Yo había estudiado suficientes informes de autopsias para saber que podía saltarme las páginas de interminables descripciones de glándulas, órganos y estado general e ir directamente a las últimas páginas, donde estaban escritas las conclusiones. Y allí no hubo sorpresas. La causa de la muerte era un disparo en la cabeza. Debajo de ella figuraba la palabra «suicidio», envuelta en un círculo. Los análisis de sangre para el uso de drogas comunes mostraban rastros de dextrometorfán hidrobromida. A esta entrada seguía una nota de los técnicos del laboratorio que decía: «Anritusígeno; en la guantera.» Eso significaba que, aparte de uno o dos tragos del jarabe para la tos que llevaba en el coche, mi hermano estaba completamente sobrio cuando se metió la pistola en la boca.

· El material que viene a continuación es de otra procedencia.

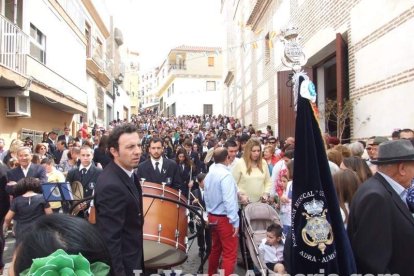 Adra celebra sus fiestas en honor a San Marcos.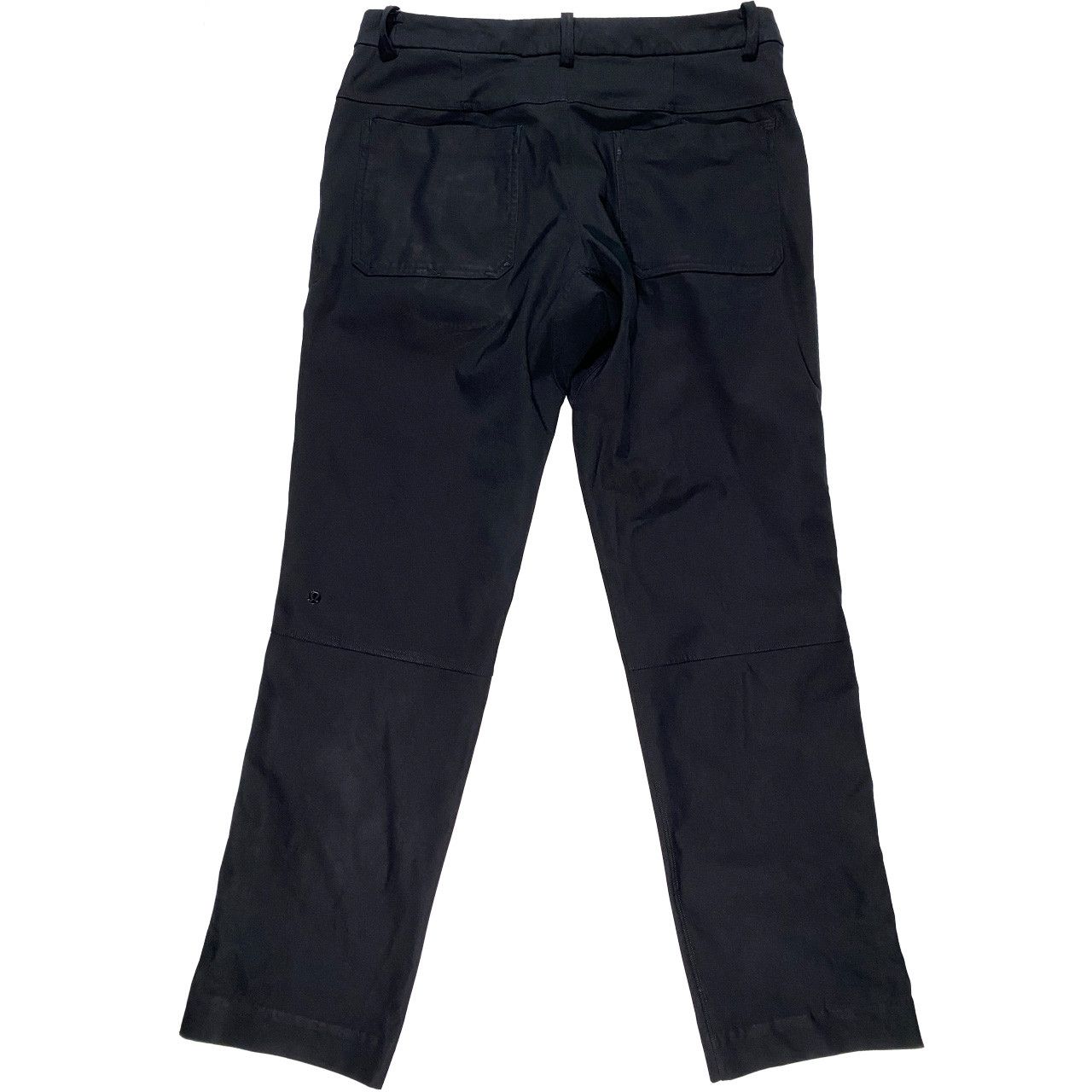 Lululemon Lululemon Slim Fit Commission Pants Black 32x30 Size US 32 / EU 48 - 2 Thumbnail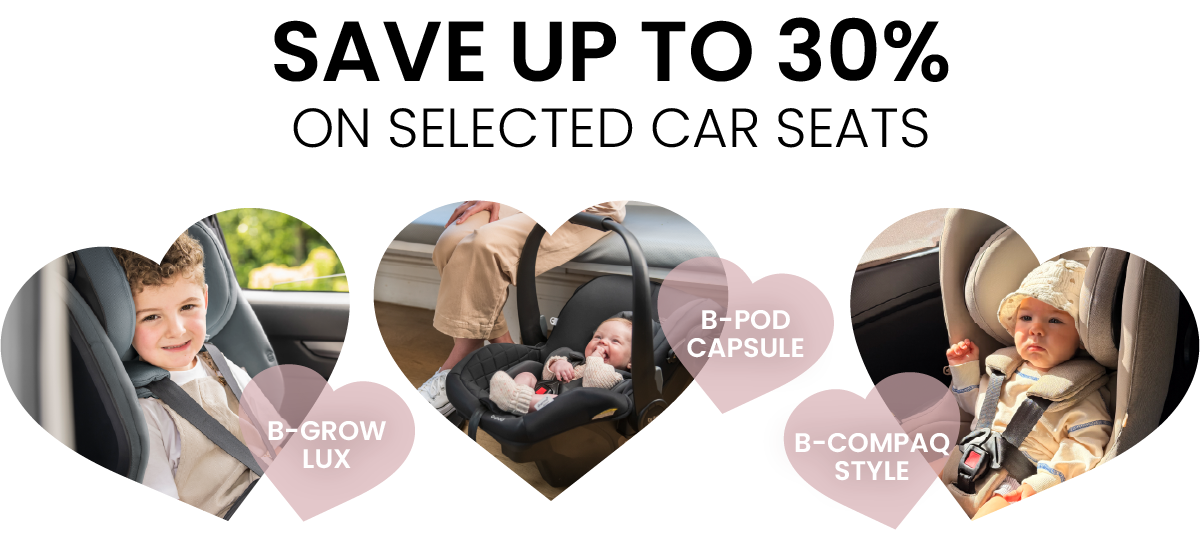 Britax | Mother's Day Sale | Save up to 30% on selected car seats. | SHOP NOW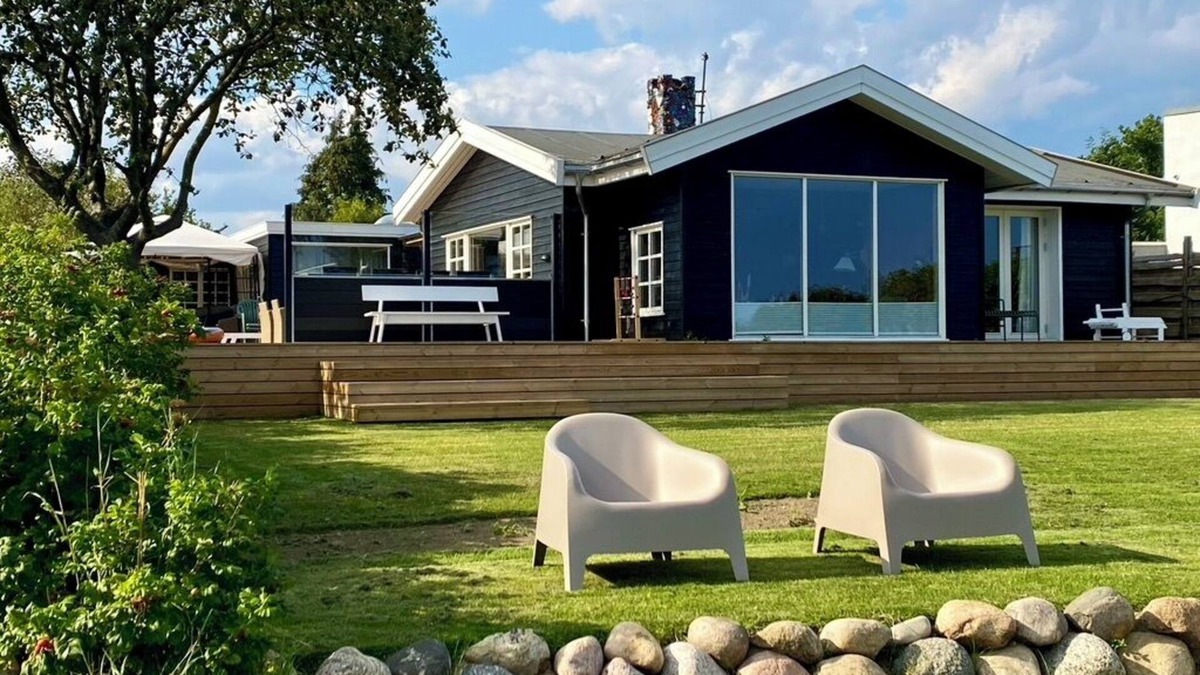 Greve House | Einzigartiges Ferienhaus in 1. Reihe mit Eigenem Charme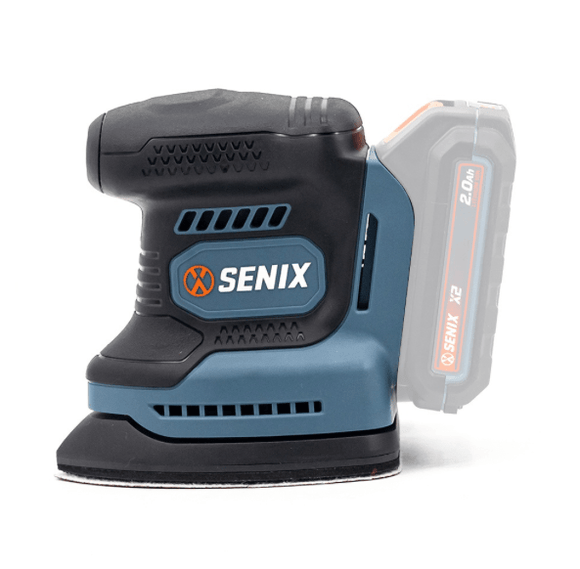 X2 18V Detail Sander SKIN - Senix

En el informe del análisis del forense aparecía un subapartado titulado GSR, que yo sabía que se refiere a los residuos de arma de fuego. En él se afirmaba que en el análisis por activación de neutrones de los guantes que llevaba la víctima se hallaron partículas de pólvora quemada en el derecho, lo que indicaba que había usado esa mano para disparar el arma. También se habían hallado residuos de arma y gas quemado en la garganta de la víctima. La conclusión era que el cañón estaba en la boca de Sean cuando el arma fue disparada.